Brief >>
Write out every line below again exactly as it stands, skipping each image.

Data under study >>
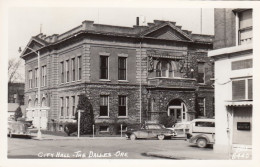 The Dalles Oregon, City Hall Building, Street Scene, Autos C1950s Vintage Ellis #8440 Real Photo Postcard - Altri & Non Classificati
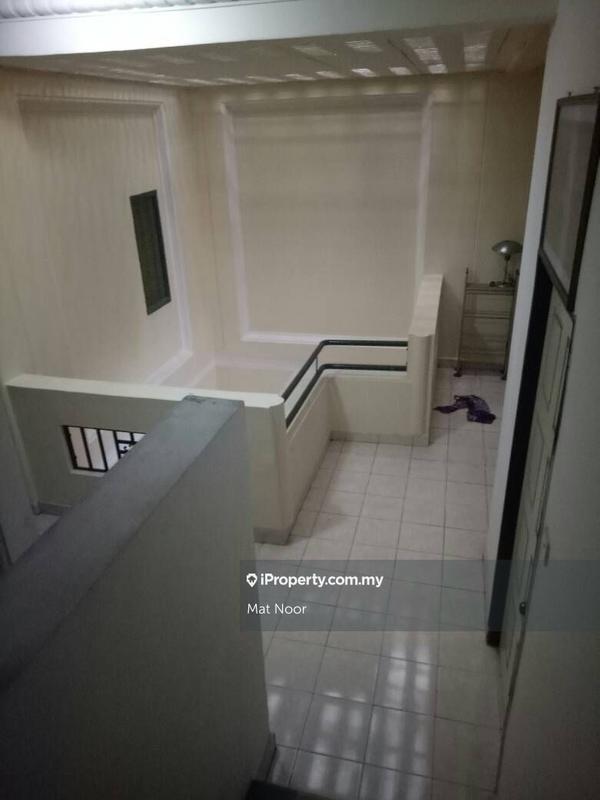 1-storey Terraced House for Sale in Seksyen 7, Shah Alam by Mat Noor - iProperty.com.my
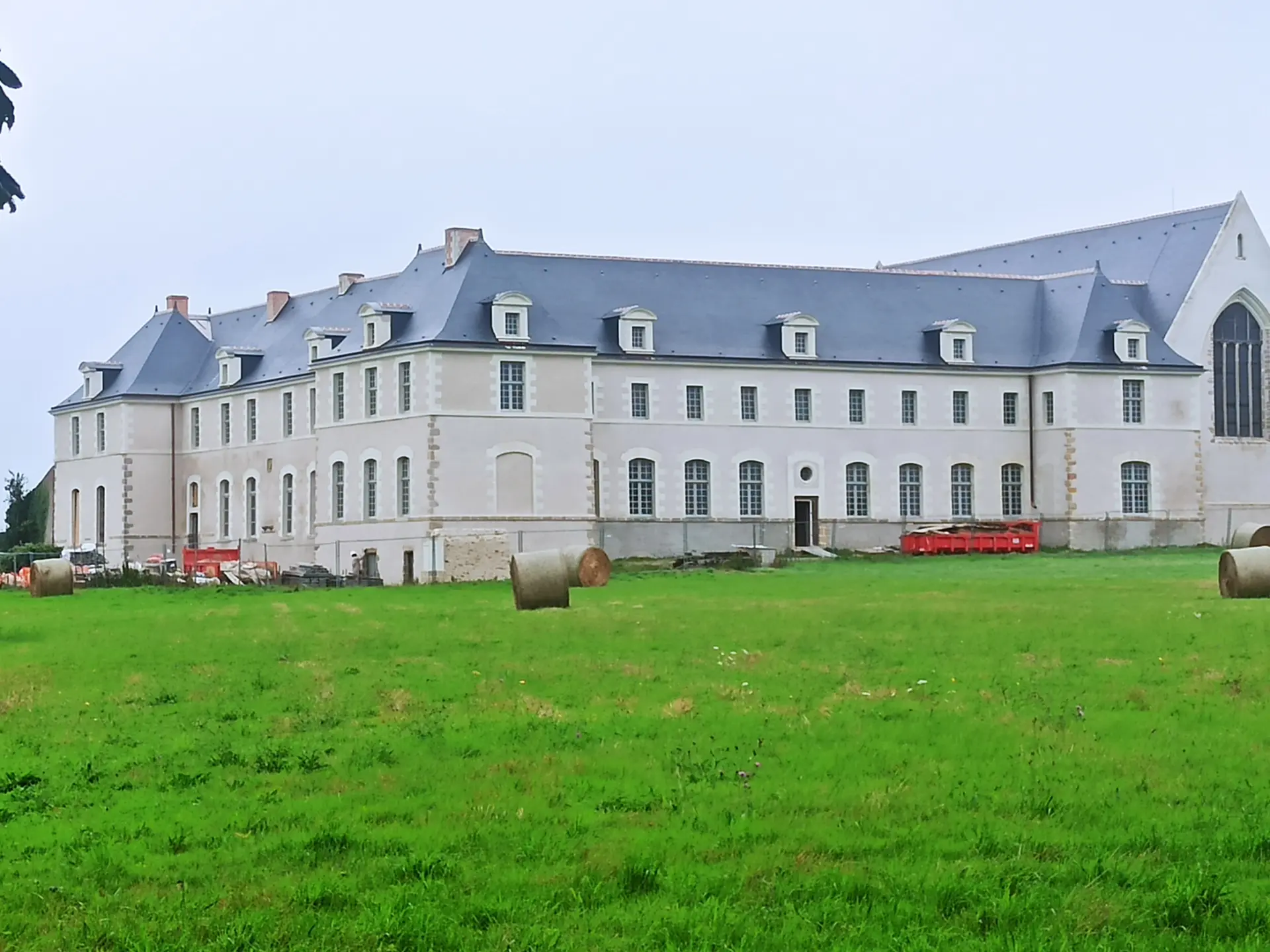 Abbaye Blanche couronne-vue générale 2023 08 02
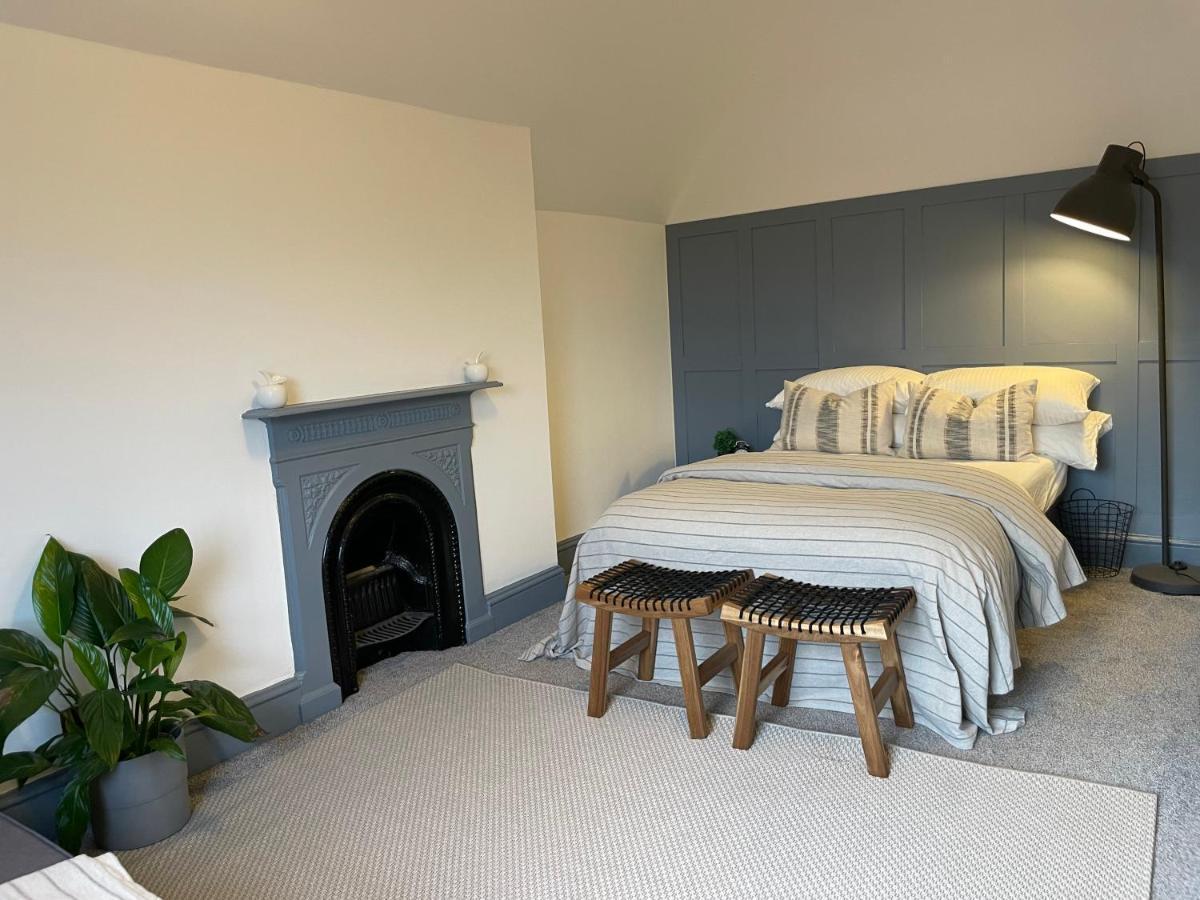 Deluxe Huge Detached House With Parking, Sleeps Up To 30 People, 2m From Centre * Liverpool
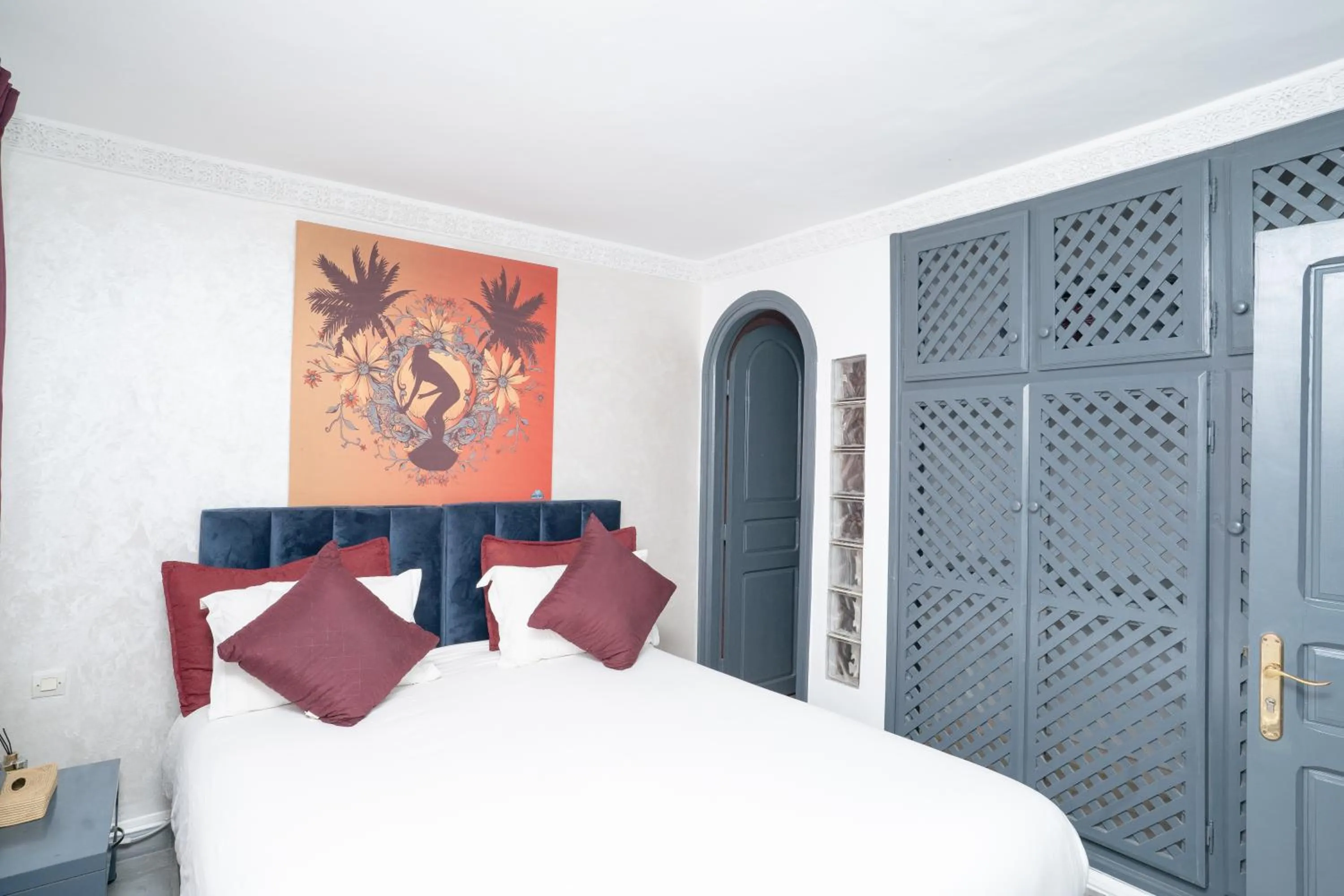 Bed in Tweets Hotel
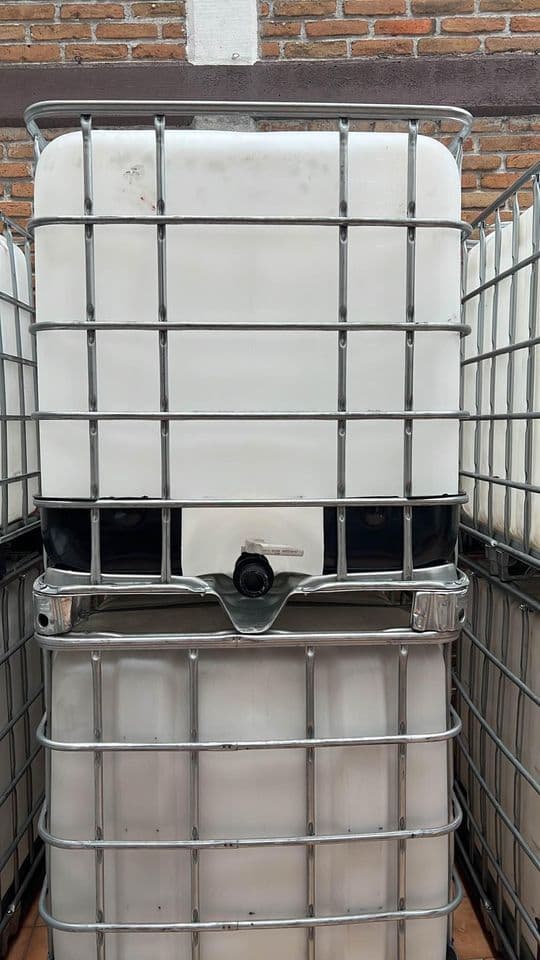 275 Gallon Ball Valve IBC Containers - Bettendorf IA 52722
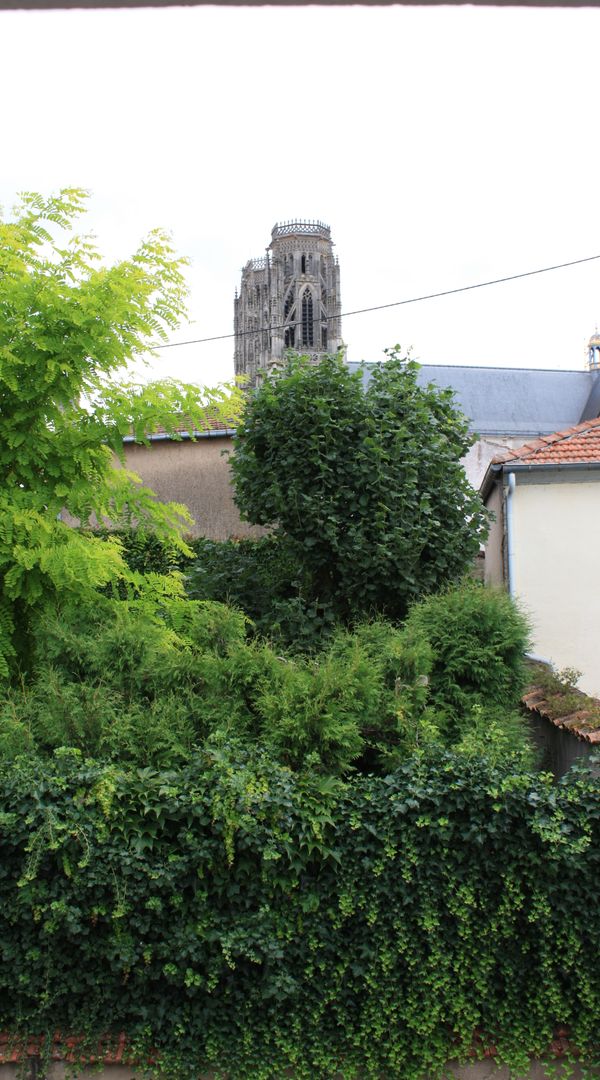 Casa de Laurence and Marcelline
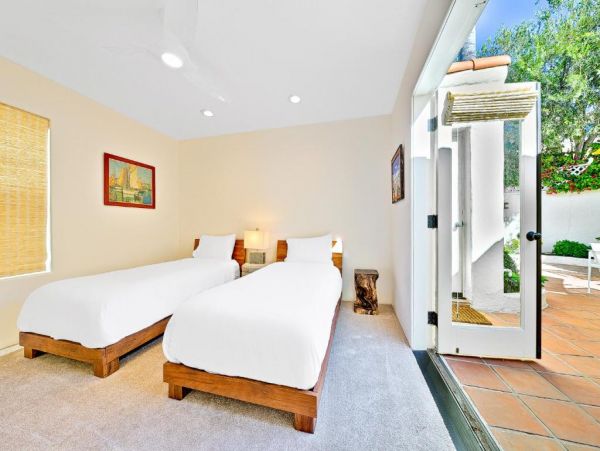 Beautiful Views La Jolla Two Bedroom Beach Home Sleeps Five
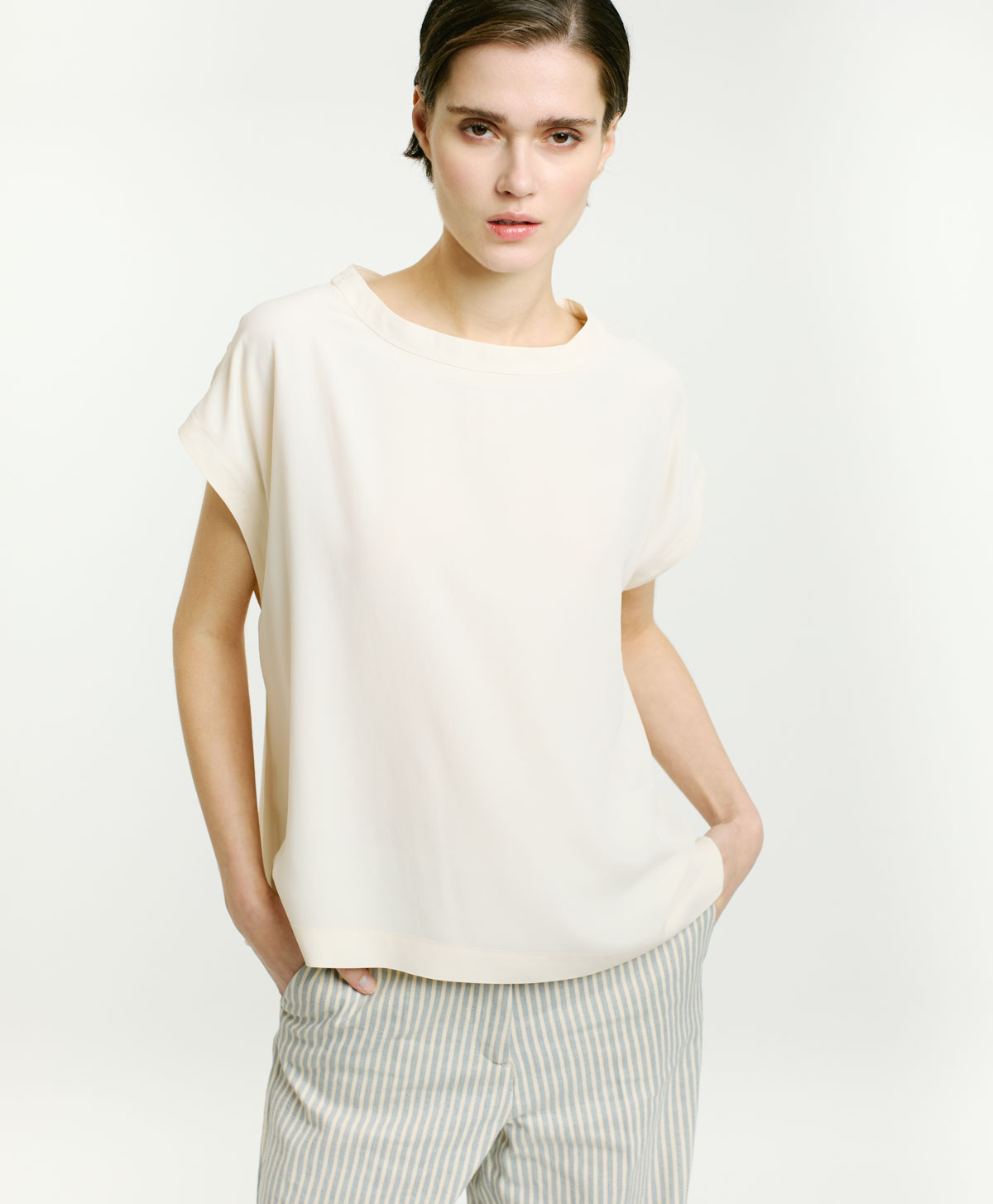 CURACAO BLOUSE IN SOLID COLOUR ACETATE/SILK - CREAM - Clothing - Momonì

Task answer >>
 The Dalles Oregon, City Hall Building, Street Scene, Autos C1950s Vintage Ellis #8440 Real Photo Postcard - Altri & Non Classificati
 1-storey Terraced House for Sale in Seksyen 7, Shah Alam by Mat Noor - iProperty.com.my
 Abbaye Blanche couronne-vue générale 2023 08 02
 Deluxe Huge Detached House With Parking, Sleeps Up To 30 People, 2m From Centre * Liverpool
 Bed in Tweets Hotel
 275 Gallon Ball Valve IBC Containers - Bettendorf IA 52722
 Casa de Laurence and Marcelline
 Beautiful Views La Jolla Two Bedroom Beach Home Sleeps Five
 CURACAO BLOUSE IN SOLID COLOUR ACETATE/SILK - CREAM - Clothing - Momonì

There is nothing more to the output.